ロズベルグがメルセデスF1勢のディフェンスを批判「ボッタスの抜かれ方はひどかった」ハミルトンの“手ぬるさ”にも驚き

 2016年のF1チャンピオンであるニコ・ロズベルグは、2021年F1第7戦フランスGPのメルセデス勢のコース上での戦い方に関して、レッドブル・ホンダに対する防御を諦めるのが早すぎたとして批判的な発言をしている。

 決勝でマックス・フェルスタッペンは上位勢で唯一、2回ストップ戦略を選び、終盤、新しいタイヤで4番手からポジションを上げていった。チームメイトのセルジオ・ペレスの前に出た後、バルテリ・ボッタスを抜き、残り2周のところでルイス・ハミルトンをオーバーテイクしてトップに立ち、優勝を飾った。

 メルセデスのドライバーたちは、使い込んだタイヤで非常に苦労していたため、フェルスタッペンに対してなす術がなかったのだが、ロズベルグは古巣メルセデスのドライバーたちは、ポジションを守るためにもっと激しく抵抗すべきだったと考えている。

『Sky Sports F1』の解説者を務めるロズベルグは、フェルスタッペンに対するボッタスのディフェンスを酷評した。

「正直言って、バルテリの防御はひどいものだった」

「完全に不必要なブロックをした後、ブレーキングを遅らせすぎて、まっすぐ行ってしまった。それでマックスは簡単に前に出ることができたんだ」

「いずれは抜かれたのだろうが、もう少しマックスをてこずらせて、時間を稼げたはずだ。防御の仕方は良くなかった。もっとずっと賢くやることができたはずだと思う」

2021年F1第7戦フランスGP バルテリ・ボッタス(メルセデス)とマックス・フェルスタッペン(レッドブル・ホンダ)
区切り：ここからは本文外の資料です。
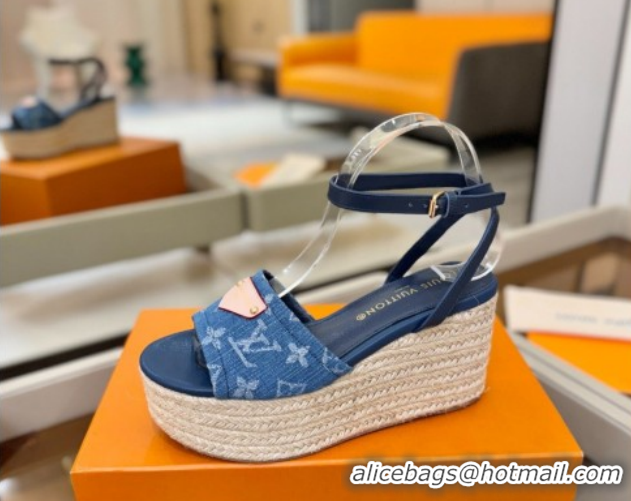 Pretty Style Louis Vuitton Helios Platform Sandals 9cm in Monogram Denim Blue 2026 1AHLOA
 ボッタスは、ファーストスティントで早い段階でタイヤの状態が悪くなっていたため、上位勢のなかでは一番早くピットストップを行い、セカンドスティントを長く走らなければならなかった。レース後、ボッタスは、レース終盤はフロントタイヤが終わってしまい、完走することだけを考えて走るしかない状態だったと語っている。

■「ドアを閉めないなんてルイスらしくない」とロズベルグ

 ロズベルグは、ハミルトンのディフェンスについても批判的だ。ハミルトンも1回ストップで走っており、終盤、タイヤに苦しんでいたため、フェルスタッペンに追いつかれると、たやすく抜かれてしまった。

「ルイスらしくない。ドアを閉めろよ!」とロズベルグ。

「いつもの彼は、1対1の勝負が誰よりも得意だ。だから彼が全くトライしなかったことに驚いた。なぜか手ぬるかったね」

2021年F1第7戦フランスGP Sky Sportsの解説を務めるニコ・ロズベルグ

 ハミルトンは、その時フェルスタッペンに抵抗したとしても、いずれは抜かれていたため、タイヤを守ることを優先したと説明している。

「イン側にはマーブルがあったので、それを拾いたくはなかった。すでにタイヤがひどい状態なのに、さらにひどくしたくはなかったんだ」とハミルトン。

「彼(フェルスタッペン)はDRSを使っていた。あそこで前に出なかったとしても、その後、ストレートで僕を抜いて行っただろう。つまり結果は何ひとつ変わらなかった」

「あれ以上激しく抵抗しても無意味だったということだ。バルテリに起こったことを見ても分かる。あれ以上タイヤを駄目にするような行動をすることに意味はなかった」

 レッドブルのチーム代表クリスチャン・ホーナーは、ハミルトンがフェアな戦いをしたと称賛している。

「マックスがオーバーテイクした時のルイスは非常にフェアだった」とホーナーが語ったとロイターが伝えた。

「ハードな防御、あるいはアグレッシブな防御をせず、非常にクリーンな動きをした」

 ボッタスは、2回ストップで走ることを希望していたが、チームに許されず、激怒していた。ハミルトンも、レース後、「2回ストップで走っていたらうまくやれた可能性がある」と認めている。